トッポ・ジージョのボタン戦争
イタリア生まれの永遠のアイドル・キャラクター、トッポ・ジージョ主演の名作が今、よみがえる!!! ババーン!
往年の人気キャラ、トッポ・ジージョ堂々の主演作品、監督が名匠・市川崑という珍品、唐突にリヴァイヴァル上映です。市川崑『黒い十人の女』をひっぱりだして公開したら儲かった、『チェブラーシカ』を発掘して公開したら儲かった、昔の人形キャラ+市川崑なら断然儲かるはず! との目論見かも知れませんね。よくわかりません。
ともかく市川崑1967年初公開の旧作が、スクリーンで見られるのは喜ばしいことですし、市川崑作品の中でも滅多に見られないようですし、フィルモグラフィにおいては『東京オリンピック』(1965年)総監督の重責を果たした次の作品で脂がのりにのり切った絶頂期にサクッと肩の力をぬいて作った小品っぽい印象ですし、市川崑らしいグラフィック・デザイン感覚が全編に炸裂した作品ですし。
ほとんど真っ暗な画面に、コントラスト高めでスポットライトあてられたトッポ・ジージョの活躍が浮かび上がる映像スタイル、映画の「余白」=黒みの大胆な使い方、構図のカッコよさはさすが市川崑である。うむ。と一人ごちました。
では面白いかというと、スタイリッシュかつモダンな映像スタイルを茫然とながめる分にはよろしいけれども、トッポ・ジージョの可愛い呆けたしぐさと、スタイリッシュなスタイルがミスマッチな感じで、どうにもこうにも。『雪之丞変化』(1963年)などは、「時代劇」+モダンデザインのミスマッチ感が今見ても新鮮なのに対し、『トッポ・ジージョ』の場合は作家性が突出してしまっている印象です。
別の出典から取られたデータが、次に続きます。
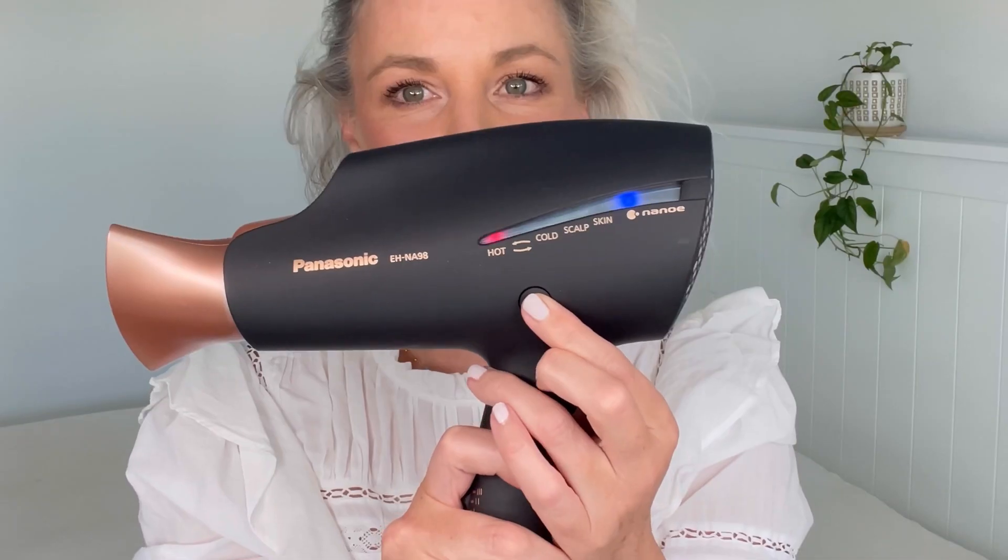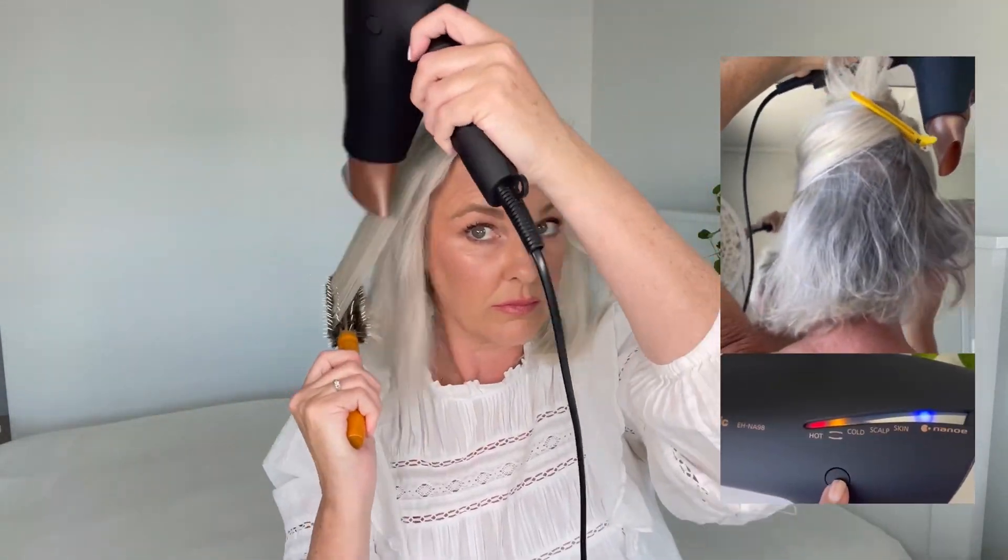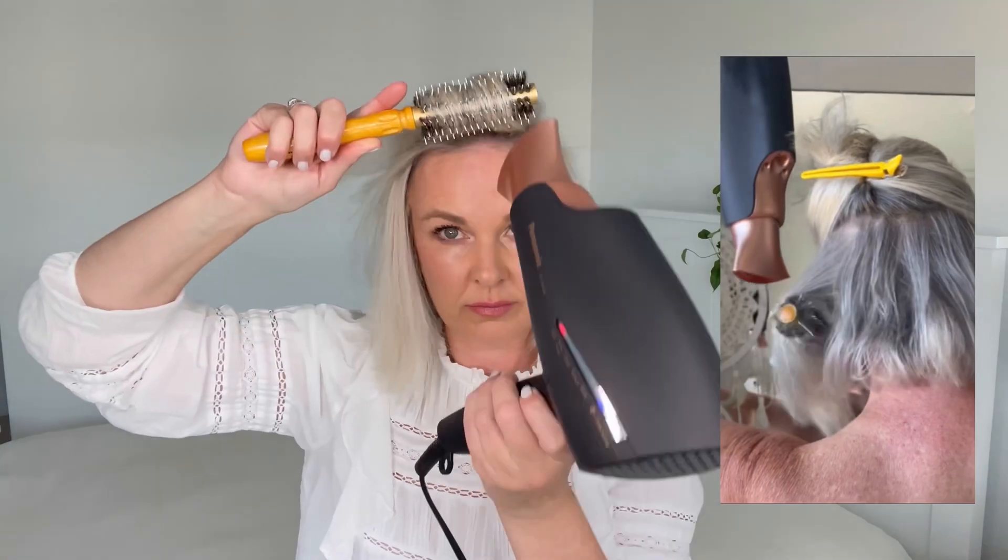Let me walk you through how I've used it — I've played around with a couple of different things. I've used the scalp setting to very gently dry off my scalp first, and I've also tried it a little later on — both work really well. Then I use the hot setting to blast off the bulk of my hair to about 80–90% dry, then switch over to the alternating hot-cold setting while using a round brush to style and smooth my hair out.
そういう作家性の突出、「ボタン戦争」という題材の暗さは1967年頃の時代精神なのでしょう。この頃はお子様むけの作品でも、夢も希望もない暗い作品が多かったと思います。『空飛ぶゆうれい船』(1969年)、『ゴジラ対ヘドラ』(1971年)、あるいは『ウルトラマン』『怪奇大作戦』『ウルトラセブン』などのテレヴィ番組を幼少期に見せられた、1960年代生まれの世代である私の性格が歪んでいるのはそういう背景があるのでしょうね。
って、そんなことはどうでもいいのですが、話とスタイルのアンバランスはなはだしく、ギャグも何が面白いのかさっぱりわからず、珍作好きの私は大満足でした。さらに今回見たのが、なんとビデオ上映だったのです。わざわざ映画館で見る意味ないしー。黒みが多い画面がどうにも見づらくて眠い感じで、カッコつけた映像スタイルが逆効果じゃん? という感じです。
ビデオでなく、フィルムでリヴァイヴァル上映されているところもあるのでしょうか? 何が何でもフィルムじゃなきゃヤダ! という方にはオススメしません。最初からヴィデオで見る分にはお楽しみいただけるかと存じます。マンマ・ミーア。